View over a lively Paris park filled with families and children, with benches, trees, and classic city buildings in the background under a sunny sky.

TL;DR

  • Paris has genuine family infrastructure: playgrounds in most parks, free entry for under-18s at national museums, and wide pavements along the Seine that handle prams without issue.
  • The Jardin du Luxembourg, Jardin des Plantes, and Jardin des Tuileries are the three parks that should anchor any family itinerary.
  • Book Louvre and Versailles tickets well in advance; queue times with tired kids are brutal without a reservation.
  • Spring (April-June) is the sweet spot for families: school crowds are manageable, outdoor activities are in full swing, and the weather rarely demands a full rain kit. See our best time to visit Paris guide for a full seasonal breakdown.
  • The Paris Métro is usable with kids but has almost no escalators or lifts on older lines; plan for stairs or use buses and trams instead.

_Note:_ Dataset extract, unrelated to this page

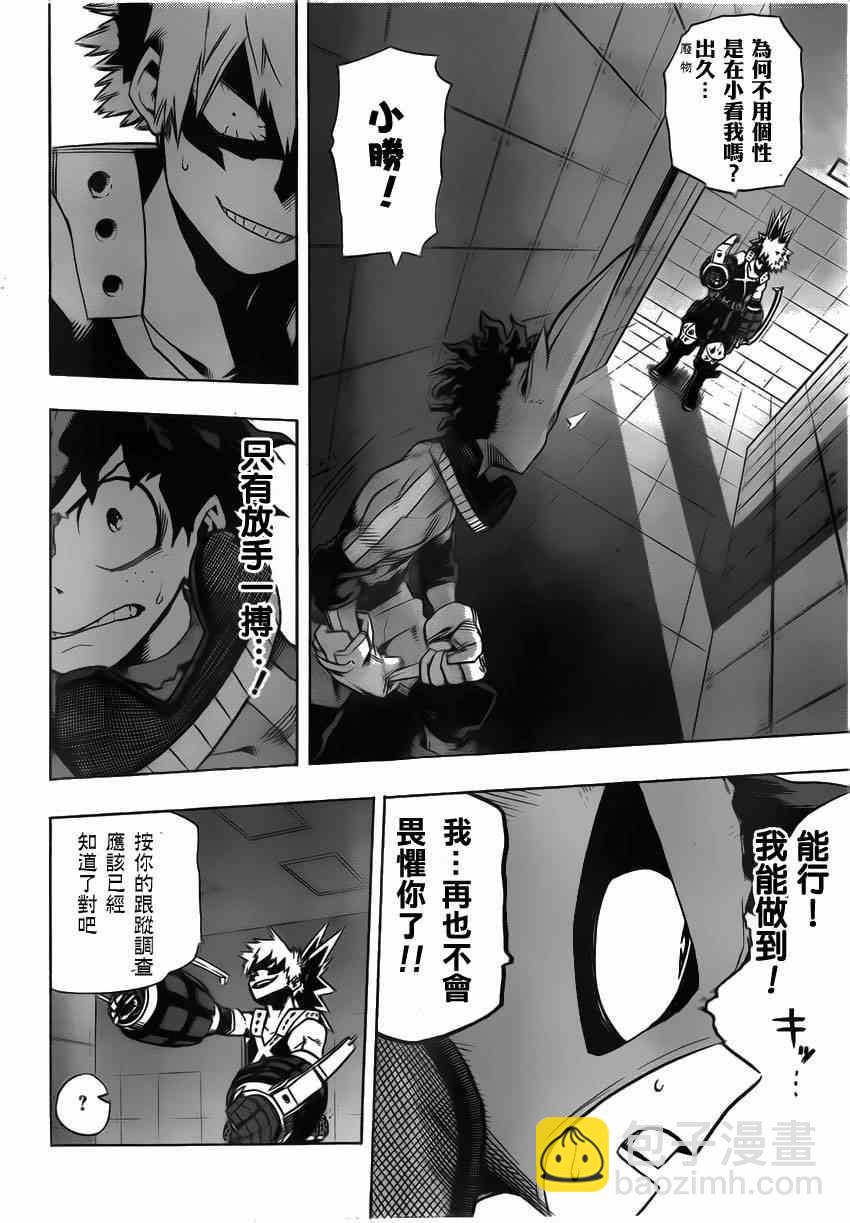 🍘我的英雄学园 第9话 第19页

Why Paris Actually Works for Families

Group of children playing energetically together on modern playground equipment in a Parisian park with adults and trees in the background.
Photo Noland Live

The reputation of Paris as an adult-only city is mostly a myth perpetuated by people who visited without children and assumed it couldn't be otherwise. The reality is that French culture is deeply oriented around children being present in public life: kids eat at proper restaurants, play in formal gardens, and sit in on classical concerts designed for younger audiences. The infrastructure confirms it.

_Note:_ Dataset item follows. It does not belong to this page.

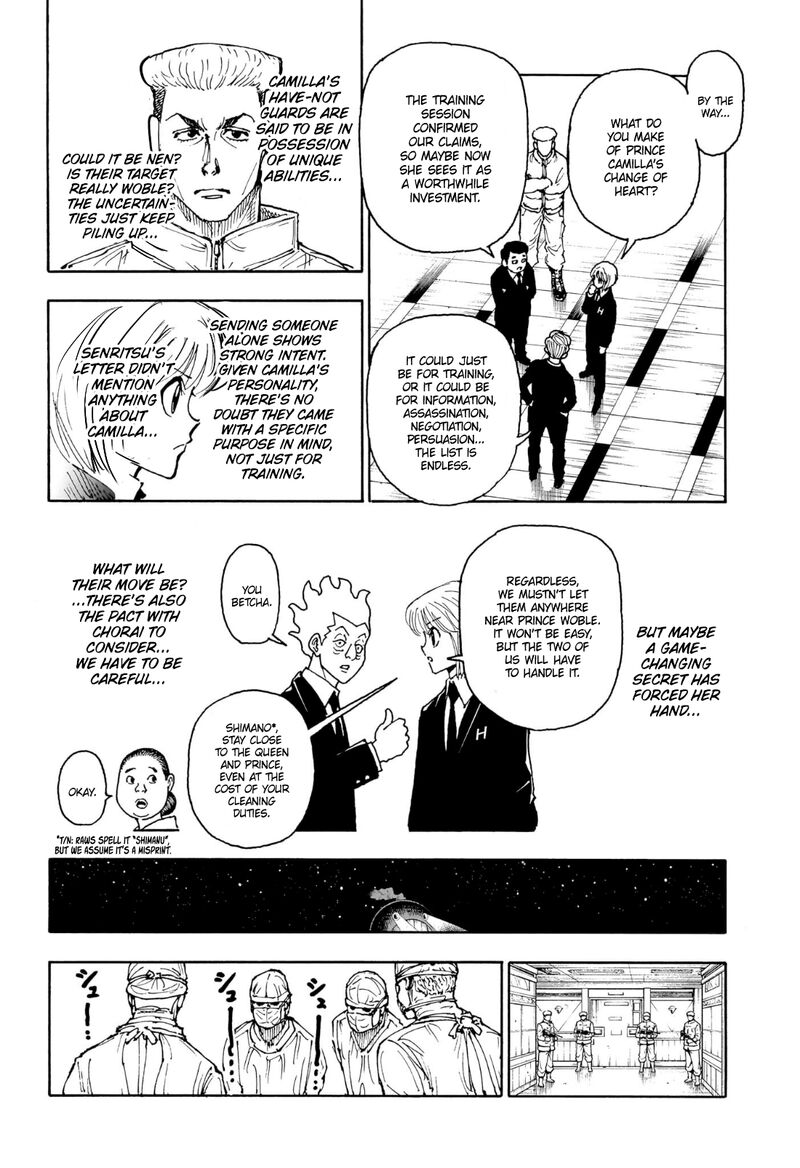 Chapter 404 - Page 17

Under-18s get free entry to all permanent collections at French national museums, including the Louvre, Musée d'Orsay, and Versailles (temporary exhibitions may charge). That alone removes a significant budget pressure. Parks are well-maintained and often have dedicated children's zones with carousels, puppet theatres, and sandpits that cost just a few euros. Crêpe stands are everywhere and are universally acceptable as emergency child-feeding stations.

ℹ️ Good to know

Free museum entry applies to all under-18s regardless of nationality at French national museums. EU residents aged 18-25 also get free entry. Bring proof of age for teenagers who might be questioned at the door.

That said, Paris rewards planning more than most cities when you're travelling with children. The Metro's lack of step-free access on older lines is a genuine obstacle with a pram. Crowds at the Eiffel Tower and the Louvre are legitimately overwhelming in peak summer without a strategy. And restaurant service can be slow by international standards, which tests patience at the end of a long day. None of these are dealbreakers; they're just variables to manage.

Best Parks and Outdoor Spaces for Kids

Bright, lively scene of Paris’s Tuileries Garden with a large Ferris wheel, pond, classic buildings, and children and families enjoying the outdoors.
Photo Zeynep Aytekin

Paris's formal gardens are a core part of the family experience, and they punch well above their weight compared to city parks in most European capitals.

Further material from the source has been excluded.